Is there a way to annotate the code to run when the page has loaded?

e.g.

import streamlit as st

@st.cache()
@st.run_when_idle()
def load_data(...):
    df = ...
    return df

data = load_data() # not executed yet

st.title('Hello')

st.markdown("# Introduction: ...")
st.write(df) # waits until the rest of the page loads
st.makrdown('''# Conclusion: ...")

Hello @mkleinbort

I’m interested by this thought, but to be sure of what you are trying to accomplish with the given annotation…
Do you want the st.markdown("Conclusion") to be displayed before, while load_data is running in the background, and then when the loading is over, display the dataframe before the # Conclusion part?

For that, you could use the placeholder widget:

import pandas as pd
import streamlit as st
import time


def load_data():
    time.sleep(5) # simulate a 5 seconds download
    return pd.read_csv(
        "https://raw.githubusercontent.com/datasciencedojo/datasets/master/titanic.csv"
    )


st.markdown("# Introduction: ...")
container_for_dataframe = st.empty()  # placeholder for your displayed dataframe for later
container_for_dataframe.warning("Loading data") # in the meantime display a warning
st.markdown("# Conclusion: ...")

df = load_data()
container_for_dataframe.dataframe(df) # now data is loaded, overwrite placeholder

test

If I’m mistaken in your problem, don’t hesitate to correct the purpose :slight_smile:

Happy Streamlitin’
Fanilo :balloon:

I think placeholders probably work for the example I gave, but I didn’t express myself well.

I’m building an interactive report and some fairly large objects need to be loaded to offer full functionality.

To illustrate it better:

import streamlit as st

@st.cache
def load_model(model_id:str)->Model: # <- this takes ~3sec to run
    # say something slow happens, like training the model or calculating shap values
    return model

model_ids = ['A', 'B', 'C', ...., 'Z']
model_objects = {}

current_model_id = st.selectbox('What model do you want to use?', options=model_ids])

current_model = model_objects.get(current_model_id, load_model(current_model_id))

# some stuff that lets users use the model.

So, my situation is:

[1] Loading all the objects would make my app unresponsive for ~90 seconds.

i.e. doing
model_objects = {model_id: load_model(model_id) for model_id in model_ids}

would be slow (but not a memory problem)

[2] Loading a particular object takes ~3seconds, so it’d be good to be able to do it ahead of time “when nothing else is happening”

Is this niche?
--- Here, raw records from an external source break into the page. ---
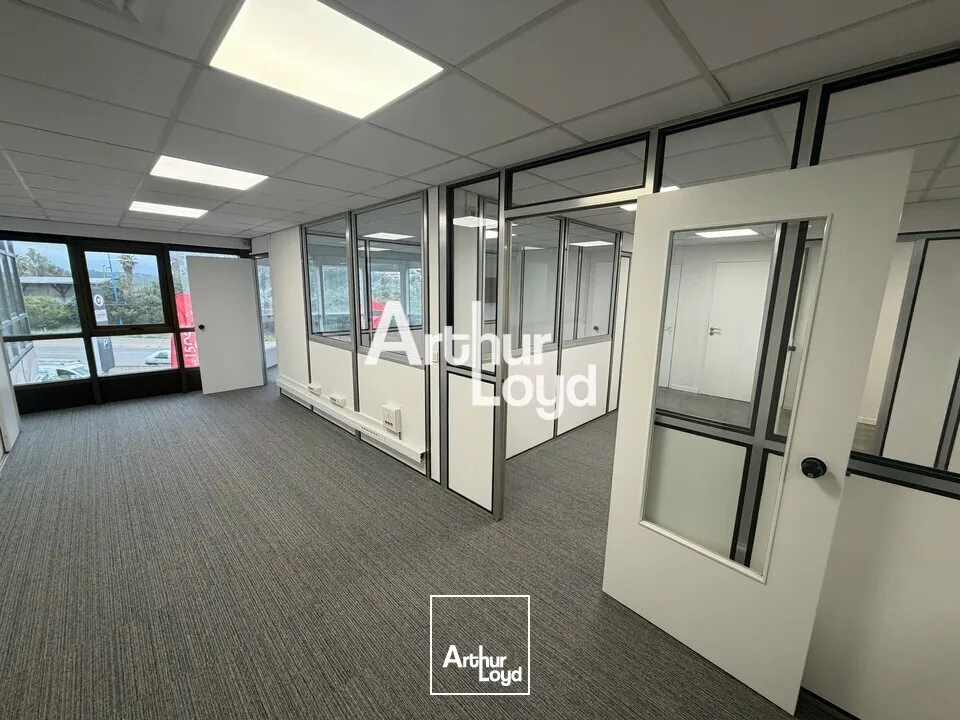 Bureaux - Location - ANTIBES - 06600 - 113-113 - 7610224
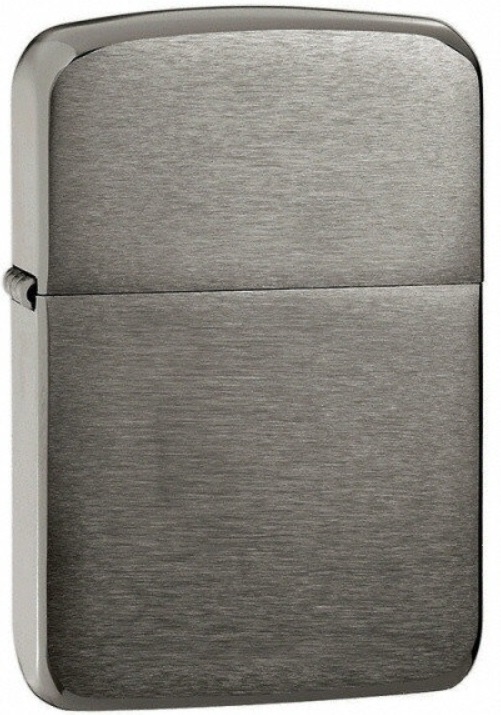 Brichetă Zippo - Replica Black Ice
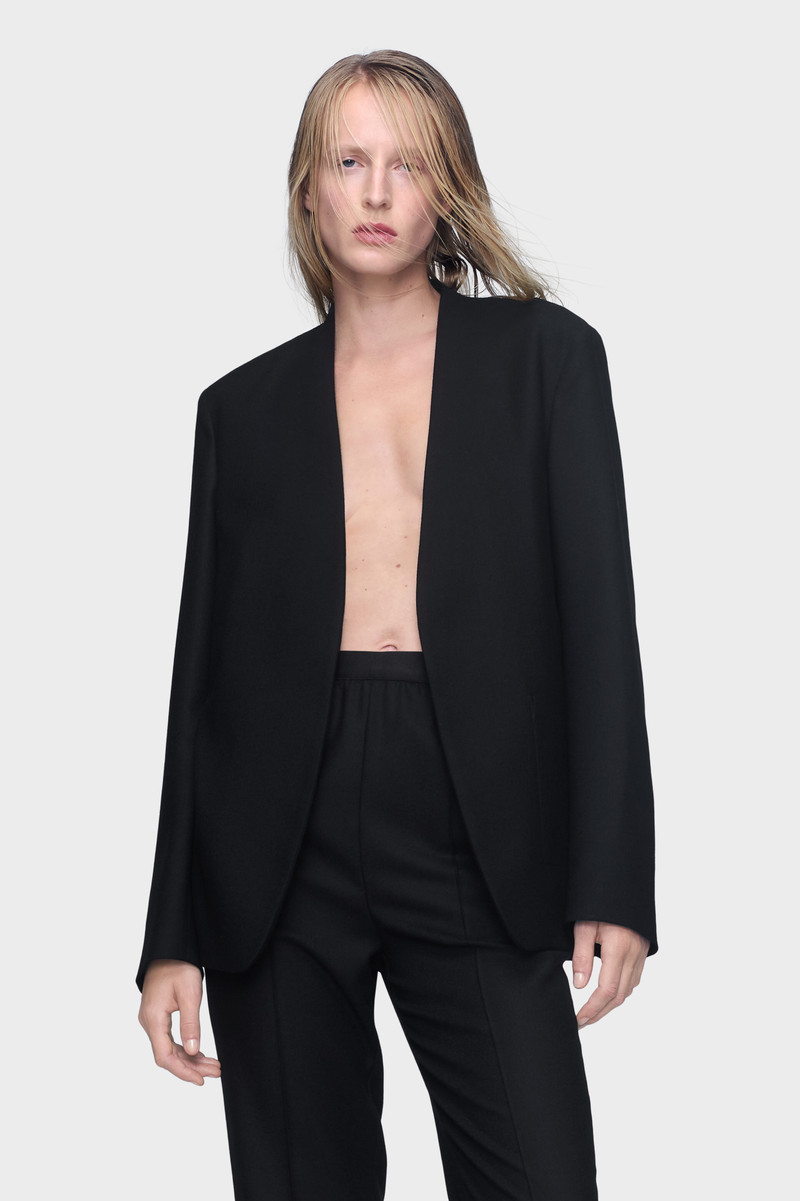 Maison Margiela Minimal jacket outlook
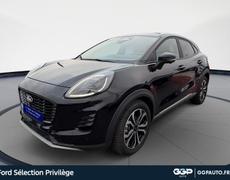 Ford Puma Dunkerque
Yes, probably, and caching means it only needs to happen when I restart the app/clear the cache.

Ok, just writing some thoughts here without having tested anything :sweat_smile:

  • If your “load_model” is mostly IO bound, I think that’s a good fit for asyncio (which then makes it more of a Python problem than a Streamlit problem :)). Using a coroutine would load the model in the background when nothing else is happening.
  • Now I don’t know about caching an async method though, there is a draft of something here: Caching asyncio functions but I personally did not have time to play with this. There are other posts relative to asyncio (eventually threading) in Streamlit if you want to check the search bar.

I’ll try to think about this more later on, just wanted to share this that will maybe get your on a new track :wink:

Hi @andfanilo @mkleinbort

The ttl argument for st.cache is what you need.

  • ttl ( float or None ) – The maximum number of seconds to keep an entry in the cache, or None if cache entries should not expire. The default is None.